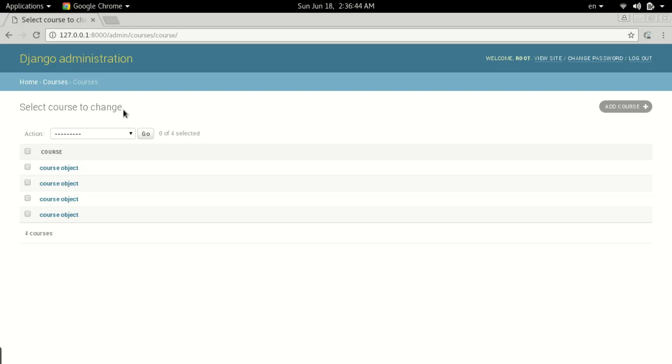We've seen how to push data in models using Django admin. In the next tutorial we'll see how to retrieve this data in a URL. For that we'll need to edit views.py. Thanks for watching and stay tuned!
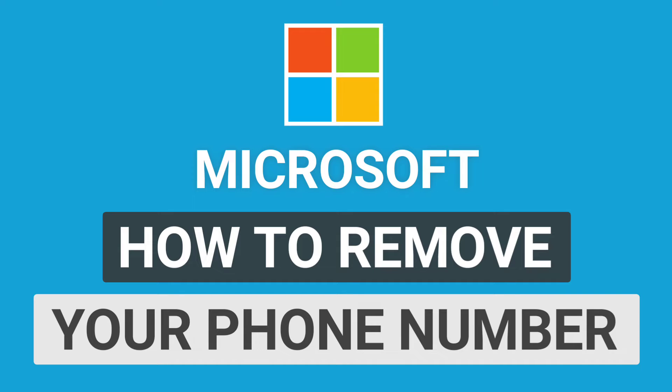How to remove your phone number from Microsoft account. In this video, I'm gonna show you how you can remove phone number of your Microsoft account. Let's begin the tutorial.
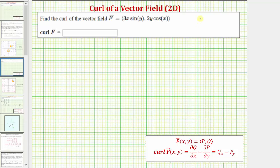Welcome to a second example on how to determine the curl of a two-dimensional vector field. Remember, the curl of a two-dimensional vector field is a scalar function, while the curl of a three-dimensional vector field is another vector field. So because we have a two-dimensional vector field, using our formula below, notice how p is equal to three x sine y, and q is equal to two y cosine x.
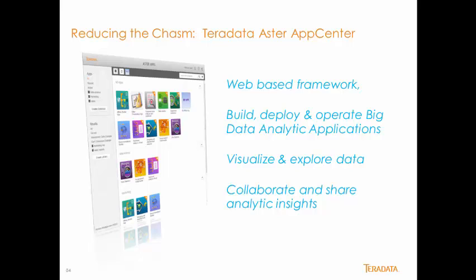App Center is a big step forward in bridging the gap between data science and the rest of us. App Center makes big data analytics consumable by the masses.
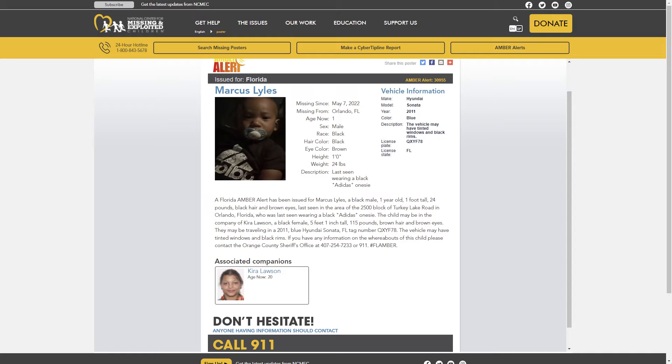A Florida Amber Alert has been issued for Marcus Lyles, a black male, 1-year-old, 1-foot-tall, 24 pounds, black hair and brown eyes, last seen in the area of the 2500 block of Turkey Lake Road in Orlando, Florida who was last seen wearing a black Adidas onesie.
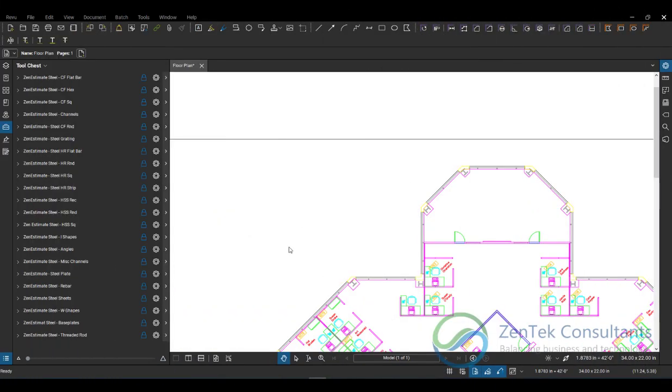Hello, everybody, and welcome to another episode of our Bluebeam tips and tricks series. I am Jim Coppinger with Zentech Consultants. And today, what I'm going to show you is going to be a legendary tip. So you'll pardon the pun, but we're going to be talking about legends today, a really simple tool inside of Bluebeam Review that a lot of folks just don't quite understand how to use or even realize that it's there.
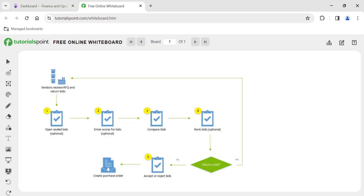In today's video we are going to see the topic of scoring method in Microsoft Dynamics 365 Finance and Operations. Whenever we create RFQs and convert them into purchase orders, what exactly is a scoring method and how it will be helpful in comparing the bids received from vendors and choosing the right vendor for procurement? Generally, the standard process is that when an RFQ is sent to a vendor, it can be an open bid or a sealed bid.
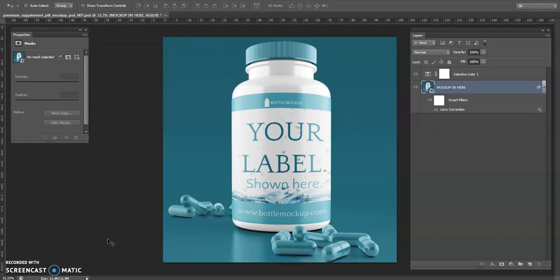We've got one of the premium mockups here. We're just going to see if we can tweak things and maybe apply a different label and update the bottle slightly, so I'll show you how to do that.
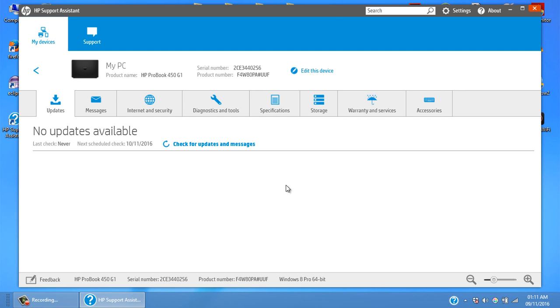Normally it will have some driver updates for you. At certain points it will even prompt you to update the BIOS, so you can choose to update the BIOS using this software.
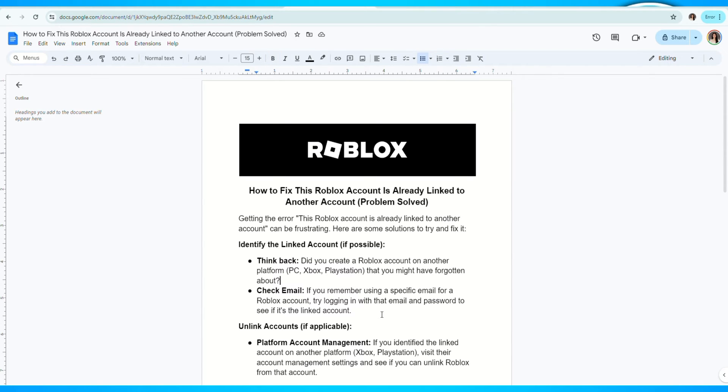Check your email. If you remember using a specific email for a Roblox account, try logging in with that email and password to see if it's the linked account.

**Task statement**
Above are some records. Reproduce the lines from the one with "App Center is" down to the one with "Hello, everybody, and", keeping both, and leave every picture out.

**The completed task**
App Center is a big step forward in bridging the gap between data science and the rest of us. App Center makes big data analytics consumable by the masses.
A Florida Amber Alert has been issued for Marcus Lyles, a black male, 1-year-old, 1-foot-tall, 24 pounds, black hair and brown eyes, last seen in the area of the 2500 block of Turkey Lake Road in Orlando, Florida who was last seen wearing a black Adidas onesie.
Hello, everybody, and welcome to another episode of our Bluebeam tips and tricks series. I am Jim Coppinger with Zentech Consultants. And today, what I'm going to show you is going to be a legendary tip. So you'll pardon the pun, but we're going to be talking about legends today, a really simple tool inside of Bluebeam Review that a lot of folks just don't quite understand how to use or even realize that it's there.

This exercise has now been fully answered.